Retrieval and answer-quality tuning

PROBAS_BM25_WEIGHT / PROBAS_VECTOR_WEIGHT: hybrid retrieval weights (defaults 0.30 / 0.70). The dataset is German and the multilingual dense embedding handles cross-lingual queries (English "lignite" → German "Braunkohle"); BM25 is kept as a minority signal because at high weight it ranks generic boilerplate for such queries.
PROBAS_MIN_RELEVANCE: minimum top cosine similarity for a query to be treated as on-topic (default 0.45). Below it, the query is answered conversationally and the user is told no matching records were found, instead of fabricating an answer.
PROBAS_MAX_CONTEXT_CHARS: per-record excerpt fed to the model (default 5000).
PROBAS_EVIDENCE_SNIPPET_CHARS: per-record snippet shown in the UI evidence panel (default 320, kept compact and separate from the model context).
PROBAS_EMBED_QUERY_INSTRUCTION: the instruction prefix added to queries (not documents), as Qwen3-Embedding expects. Greatly improves cross-lingual matching (English query → German records).
PORT: optional deployment port (Hugging Face Spaces uses 7860)

Impact numbers (`key_impacts`)

The records' rag_text only previews the first few exchanges, which miss the actual emission outputs (CO₂, SO₂, NOₓ) and impact indicators (GWP/Treibhauseffekt, cumulative energy demand). The app extracts a compact key_impacts block from the raw exchanges/LCIA so the model can answer "what are the CO₂ emissions" with real numbers. A fresh index build does this automatically; to add it to an existing prebuilt bundle without re-embedding, run once:

python enrich_bundle.py

Run

python app.py

The first launch builds the index in the background (see below). On later launches the cached index loads in ~15s.

Model dropdown

The UI exposes the six strongest general-purpose chat models on the endpoint, strongest first:

qwen3.5-397b-a17b (default — large MoE, strong multilingual, fast 17B active params)
mistral-large-3-675b-instruct-2512
qwen3.5-122b-a10b
openai-gpt-oss-120b
deepseek-r1-distill-llama-70b
glm-4.7

The app tries the selected model first, then falls back through the rest with retry and backoff.

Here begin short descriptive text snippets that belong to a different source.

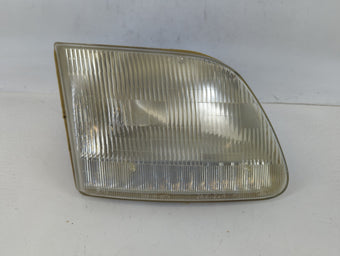 compare product 1997-2003 Ford F-150 Passenger Right Oem Head Light Headlight Lamp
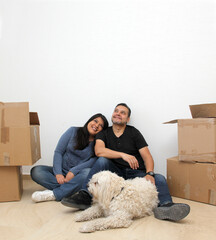Couple of Latin man and woman move house thanks to a real estate agency they are happy for the...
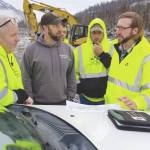 Courtesy photo                                HEA Land Management Officer Cody Neuendorf and Mike Hill, Kenai Wildlife Refuge assistant fire management officer, brief a clearing contractor on fire-related hazards at the S/Q Line Right of Way in this undated photo.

Index build, checkpointing, and resume

On first launch the app embeds every ProBas record in the background using PROBAS_EMBED_CONCURRENCY parallel requests, periodically writing a resume checkpoint under indexes/probas_rag/. If the build is interrupted, the next launch resumes from the last checkpoint instead of starting over.

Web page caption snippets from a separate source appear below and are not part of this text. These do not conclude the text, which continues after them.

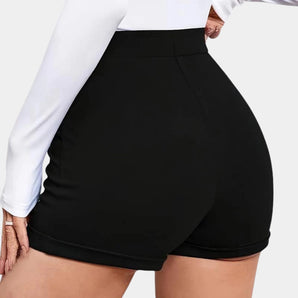 
A pair of women's plus-size high-waist seamless black spandex shorts, showcasing the waist and thigh areas.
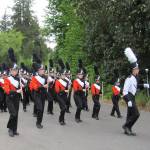 CKHS Marching band, led by drum major Jonathan Madamba, turn the corner, enroute to Principal Coons&rsquo; home. Terryl Asla/Kitsap News Group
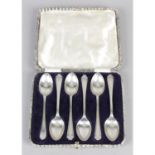 Golfing interest, a cased set of six 1930's silver teaspoons by Walker & Hall.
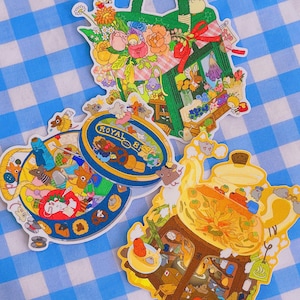 May include: Three colourful illustrated stickers featuring a teacup, a teapot, and a basket of flowers. Each sticker is filled with intricate details and whimsical characters. The stickers are on a blue and white checked background.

Checkpoints are keyed by a fingerprint of the dataset and the embedding model, so changing PROBAS_EMBEDDING_MODEL intentionally invalidates the old checkpoint. Cache files from older code versions are purged automatically on startup.

If the raw dataset directory is absent but a prebuilt bundle is present under indexes/probas_rag/, the app loads that bundle directly — this is what makes a deployment that ships only the prebuilt index (e.g. a Hugging Face Space) work without re-embedding.

Tracking build progress and ETA

While embedding, the app logs a live line per wave:

Embedded 1440/23172 records (6.2%) | 3.1 rec/s | elapsed 7m42s | ETA 1h56m

To check durable progress (what a restart would resume from) from a second terminal:

python check_progress.py

Deploying to Hugging Face Spaces

See DEPLOY_HF.md for the full step-by-step. In short:

Set OPENAI_API_KEY as a Space secret (never commit it).
Commit the prebuilt index under indexes/probas_rag/ via Git LFS (the .gitattributes already tracks it) so the Space starts without re-embedding and without shipping the 1.2 GB raw dataset.
Push to the Space remote.

Data and cache

The dataset folder is read directly from probas_processes_by_classification_rag_json. The generated cache is stored under indexes/probas_rag/ and is safe to delete when rebuilding from scratch.